This implementation of Chemscore adheres as faithfully as possible to the
referenced paper.
OEChemscore
- An OpenEye variant of Chemscore which is similar
to the Chemscore implementation found in the original 1.2.x version of
FRED.
Screenscore
- which is described in reference [9].
Zapbind
- A scoring function which uses PB electrostatic
calculations in combination with an area contact term.
The following ligand-based scoring function are also available in FRED. Use
of these scoring functions requires that the receptor file contain a
bound ligand.
CGO
- or Chemical Gaussian Overlay. This scoring function
represents molecular shape and chemistry with smooth Gaussian function,
as the Chemgauss functions do. However this function scores a pose
by measuring how well it overlays onto the bound ligand, rather than
scoring against the protein structure.
CGT
- of Chemical Gaussian Tanimoto. Similar to CGO, but
calculates a Tanimoto overlay rather than a volume overlay.

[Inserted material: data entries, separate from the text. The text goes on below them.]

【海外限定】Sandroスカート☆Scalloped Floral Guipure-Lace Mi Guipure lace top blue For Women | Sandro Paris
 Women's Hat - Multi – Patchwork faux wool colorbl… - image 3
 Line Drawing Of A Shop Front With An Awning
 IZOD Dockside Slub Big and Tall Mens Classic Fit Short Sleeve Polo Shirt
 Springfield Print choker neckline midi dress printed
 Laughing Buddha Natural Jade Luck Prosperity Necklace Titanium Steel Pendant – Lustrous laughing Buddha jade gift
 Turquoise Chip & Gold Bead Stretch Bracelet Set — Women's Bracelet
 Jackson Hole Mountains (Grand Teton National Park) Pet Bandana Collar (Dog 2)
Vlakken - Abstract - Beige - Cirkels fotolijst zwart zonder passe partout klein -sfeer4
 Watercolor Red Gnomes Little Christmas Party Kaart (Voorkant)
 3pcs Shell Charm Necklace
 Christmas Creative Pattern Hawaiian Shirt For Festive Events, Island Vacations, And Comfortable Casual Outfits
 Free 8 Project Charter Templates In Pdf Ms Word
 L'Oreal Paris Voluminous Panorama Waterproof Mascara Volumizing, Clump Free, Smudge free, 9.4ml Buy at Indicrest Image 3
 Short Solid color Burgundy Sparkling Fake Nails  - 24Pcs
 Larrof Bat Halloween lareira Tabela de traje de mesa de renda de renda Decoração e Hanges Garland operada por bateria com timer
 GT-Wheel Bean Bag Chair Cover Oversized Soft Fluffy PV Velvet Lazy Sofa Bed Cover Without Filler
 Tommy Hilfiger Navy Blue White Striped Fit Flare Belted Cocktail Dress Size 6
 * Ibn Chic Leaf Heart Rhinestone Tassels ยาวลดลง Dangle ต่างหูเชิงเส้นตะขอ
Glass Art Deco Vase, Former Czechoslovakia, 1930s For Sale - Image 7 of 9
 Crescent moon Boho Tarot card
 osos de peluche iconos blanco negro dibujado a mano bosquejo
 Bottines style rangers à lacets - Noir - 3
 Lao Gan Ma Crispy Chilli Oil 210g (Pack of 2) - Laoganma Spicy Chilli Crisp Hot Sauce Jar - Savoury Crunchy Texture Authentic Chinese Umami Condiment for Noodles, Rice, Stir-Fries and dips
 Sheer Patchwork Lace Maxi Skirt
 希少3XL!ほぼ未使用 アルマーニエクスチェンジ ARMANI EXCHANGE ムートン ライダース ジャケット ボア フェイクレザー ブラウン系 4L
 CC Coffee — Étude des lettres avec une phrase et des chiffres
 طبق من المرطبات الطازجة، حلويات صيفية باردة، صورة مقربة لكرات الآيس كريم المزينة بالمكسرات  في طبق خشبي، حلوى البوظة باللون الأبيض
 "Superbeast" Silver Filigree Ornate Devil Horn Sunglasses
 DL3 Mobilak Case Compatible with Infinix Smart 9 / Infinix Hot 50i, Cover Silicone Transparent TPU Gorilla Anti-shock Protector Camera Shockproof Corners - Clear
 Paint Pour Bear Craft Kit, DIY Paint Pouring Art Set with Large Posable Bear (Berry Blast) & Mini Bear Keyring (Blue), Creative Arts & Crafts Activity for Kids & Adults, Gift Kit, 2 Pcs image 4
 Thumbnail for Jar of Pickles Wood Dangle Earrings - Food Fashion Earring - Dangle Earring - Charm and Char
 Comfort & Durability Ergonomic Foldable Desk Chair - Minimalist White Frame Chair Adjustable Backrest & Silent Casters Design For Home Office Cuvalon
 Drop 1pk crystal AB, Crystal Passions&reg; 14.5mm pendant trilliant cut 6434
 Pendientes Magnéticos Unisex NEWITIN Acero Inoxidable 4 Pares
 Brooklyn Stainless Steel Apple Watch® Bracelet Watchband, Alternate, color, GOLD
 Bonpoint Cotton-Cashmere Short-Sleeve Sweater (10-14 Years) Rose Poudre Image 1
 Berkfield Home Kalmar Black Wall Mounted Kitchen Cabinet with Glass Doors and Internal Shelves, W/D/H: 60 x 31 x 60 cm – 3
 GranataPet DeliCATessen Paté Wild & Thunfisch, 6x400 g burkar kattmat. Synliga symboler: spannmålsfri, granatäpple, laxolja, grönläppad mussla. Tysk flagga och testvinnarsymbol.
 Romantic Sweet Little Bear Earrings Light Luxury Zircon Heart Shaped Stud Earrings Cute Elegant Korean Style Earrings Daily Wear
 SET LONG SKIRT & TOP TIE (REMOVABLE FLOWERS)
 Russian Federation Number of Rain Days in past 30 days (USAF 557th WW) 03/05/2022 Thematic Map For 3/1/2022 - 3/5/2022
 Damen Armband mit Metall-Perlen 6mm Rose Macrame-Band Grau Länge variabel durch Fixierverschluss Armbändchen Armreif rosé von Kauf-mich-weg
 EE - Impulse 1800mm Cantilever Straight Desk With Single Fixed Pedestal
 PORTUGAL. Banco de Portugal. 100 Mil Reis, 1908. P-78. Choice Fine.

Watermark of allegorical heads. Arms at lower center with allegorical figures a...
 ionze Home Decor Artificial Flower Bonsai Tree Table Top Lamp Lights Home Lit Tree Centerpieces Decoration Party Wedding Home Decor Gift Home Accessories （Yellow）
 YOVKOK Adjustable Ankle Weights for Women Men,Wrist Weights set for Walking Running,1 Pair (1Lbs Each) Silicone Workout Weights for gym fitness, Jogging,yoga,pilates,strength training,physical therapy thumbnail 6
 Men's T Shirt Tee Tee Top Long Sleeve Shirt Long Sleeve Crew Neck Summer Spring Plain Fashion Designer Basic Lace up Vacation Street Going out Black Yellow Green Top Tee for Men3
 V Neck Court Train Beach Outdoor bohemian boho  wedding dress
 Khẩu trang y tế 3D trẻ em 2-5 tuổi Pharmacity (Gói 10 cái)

The following table gives a quick overview of the interactions the
various scoring functions in FRED are aware of. It is easily seen that
none of the functions have intramolecular terms. This is because FRED relies
on the conformer generator that provides its input conformer database to ensure
that all the input conformers have reasonable geometries and do not have
significant intramolecular contacts and/or high strain energies.
Table 4.1:
Summary of the interactions scoring functions are aware of
| |
Shape |
Hydrogen Bonds |
Metal |
Aromatic |
Desolvation |
| Shapegauss |
Yes |
No |
No |
No |
No |
| PLP |
Yes |
Yes |
Yes |
No |
No |
| Chemgauss2 |
Yes |
Yes |
Yes |
Yes |
No |
| Chemgauss3 |
Yes |
Yes |
Yes |
No |
Yes |
| Chemscore |
Yes |
Yes |
Yes |
No |
No |
| OEChemscore |
Yes |
Yes |
Yes |
No |
No |
| Screenscore |
Yes |
Yes |
Yes |
No |
No |
| Zapbind |
Yes |
No |
No |
No |
Yes |
| CGO |
Yes |
Yes |
Yes |
No |
No |
| CGT |
Yes |
Yes |
Yes |
No |
No |
|
The scoring functions also vary in their speed, and only the faster
functions can be used in the Exhaustive Docking and Optimization stages,
as detailed in the following table. All the scoring functions can
be used to give the final score for a pose.
Table 4.2:
Summary of speed and places scoring function can be used
| |
Speed |
Exhaustive Docking |
Optimization |
| Shapegauss |
Very Fast |
Yes |
Yes |
| PLP |
Very Fast |
Yes |
Yes |
| Chemgauss2 |
Fast |
Yes |
Yes |
| Chemgauss3 |
Fast |
Yes |
Yes |
| Chemscore |
Medium |
No |
Yes |
| OEChemscore |
Medium |
No |
Yes |
| Screenscore |
Medium |
No |
Yes |
| Zapbind |
Slow |
No |
No |
| CGO |
Fast |
Yes |
Yes |
| CGT |
Medium |
No |
Yes |
|
4.3.2 Shapegauss
This scoring functions is described in detail in Ref [4].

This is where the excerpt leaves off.